Capitalism benefits the poor the most. Life expectancy in early modern Britain was between 25 and 40 years old, and in revolutionary America it was about 35. The gains in life expectancy came about because of improvements in sanitation and public health, and secondarily because of the invention of drugs. Market capitalism made both possible.  For example, the wealth needed to construct sanitary housing did not exist in the precapitalist economy.  The capitalist increases in the real hourly wage that continued in the US until the expansion of government spending in the 1960s, when the US transitioned from a capitalist to a socialist state, meant that the poor working person could improve his lot through saving.  Today, many working Americans cannot save because of the high costs of home ownership, commodities, and taxation, all due to government and Federal Reserve policy.

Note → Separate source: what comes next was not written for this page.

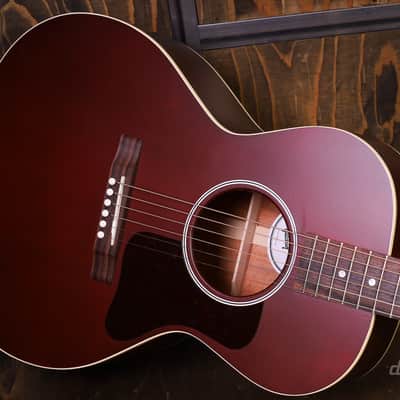 Gibson L-00 Special Satin Wine Red image 11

In The Road to Serfdom Hayek discusses how, in the absence of public resistance,  socialism leads to totalitarianism. The requirements of central planning, economic regulation, and wealth redistribution directly contradict the requirements of the rule of law and democracy.  Wealth redistribution is inherently coercive.  The advocacy of income equality is the advocacy of violence.

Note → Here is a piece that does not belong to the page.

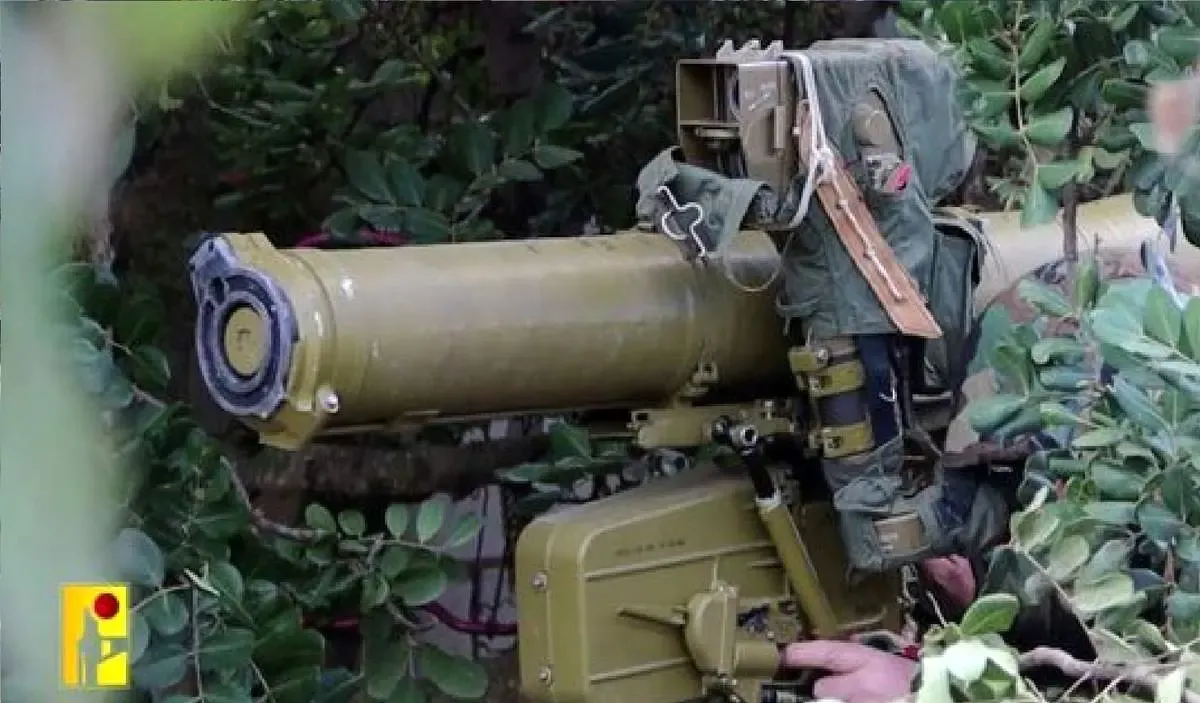 پنج عملیات نظامی حزب‌الله علیه اسرائیل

With respect to government programs to enforce wealth equality, Hayek draws parallels to Nazis (p. 117):

A necessary and only apparently paradoxical result...is that formal equality before the law is in conflict with, and in fact incompatible with, any activity of the government deliberately aiming at material or substantive equality of different people, and that any policy aiming directly at a substantive ideal of distribution justice must lead to the destruction of the Rule of Law. To produce the same result for different people, it is necessary to treat them differently.  To give different people the same objective opportunities  is not to give them the same subjective chance.  It cannot be denied that the Rule of Law produces economic inequality--all that can be claimed for it is that this inequality is not designed to affect particular people in a particular way.  It is very significant and characteristic that socialists (and Nazis) have always protested against "merely" formal justice, that they have always objected to a law which had no views on how well off particular people ought to be, and that they have always demanded a "socialization of the law," attacked the independence of judges, and at the same time given their support to all such movements as the Freirechtsschule which undermined the Rule of Law.

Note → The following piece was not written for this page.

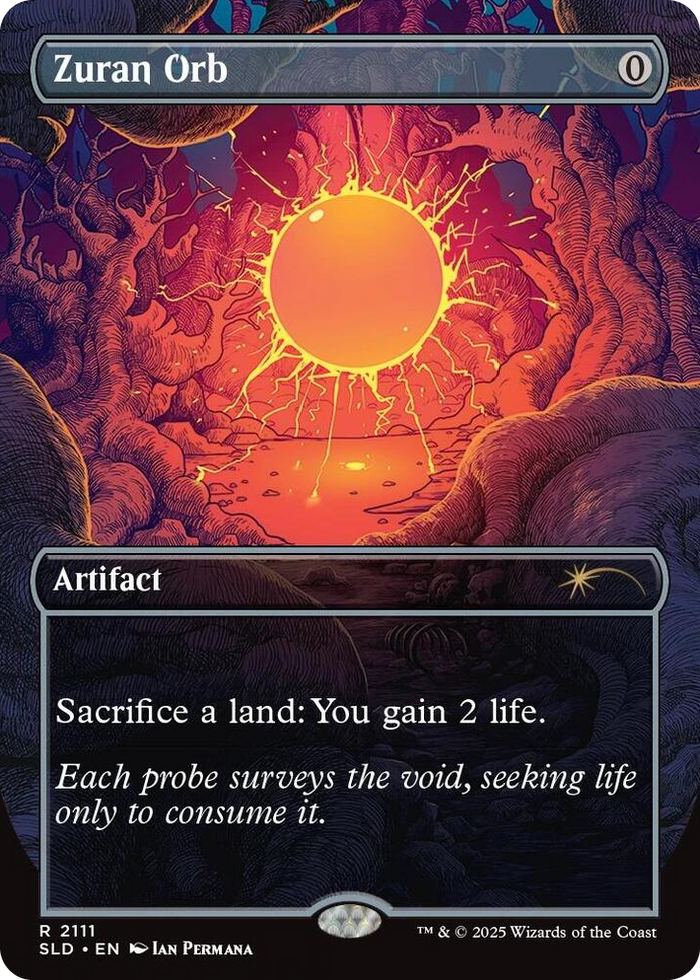 Zuran Orb #2111 R - Secret Lair Drop Series Pokemon card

Hayek, who came from Austria, adds this footnote:

It is therefore not altogether false, when the legal theorist of National Socialism, Carl Schmitt, opposes to the liberal Rechstaat (i.e., the Rule of Law), the National Socialist ideal of the gerechte Staat) ("the just state")--only that the sort of justice which is opposed to formal justice necessarily implies discrimination between persons. [Editor Bruce Caldwell adds the following: German jurist Carl Schmitt (1888-1985) was a critic of liberal parliamentarianism and defender of the authoritarian state. In the 1930s he attempted to reconcile his views with those of the Nazis, offering legal justifications of their takeover of the government and defending the Nuremberg Laws that excluded Jews from public and social life. Though he lost favor with the Nazis by 1936, outside of Germany he was often viewed as the legal theorist of National Socialism.  Hayek also refers to the Freirechtsschule, which is the German term for "legal realism," a doctrine that holds that instinct rather than rule-following is the actual basis of judicial interpretation of the law."--Ed.]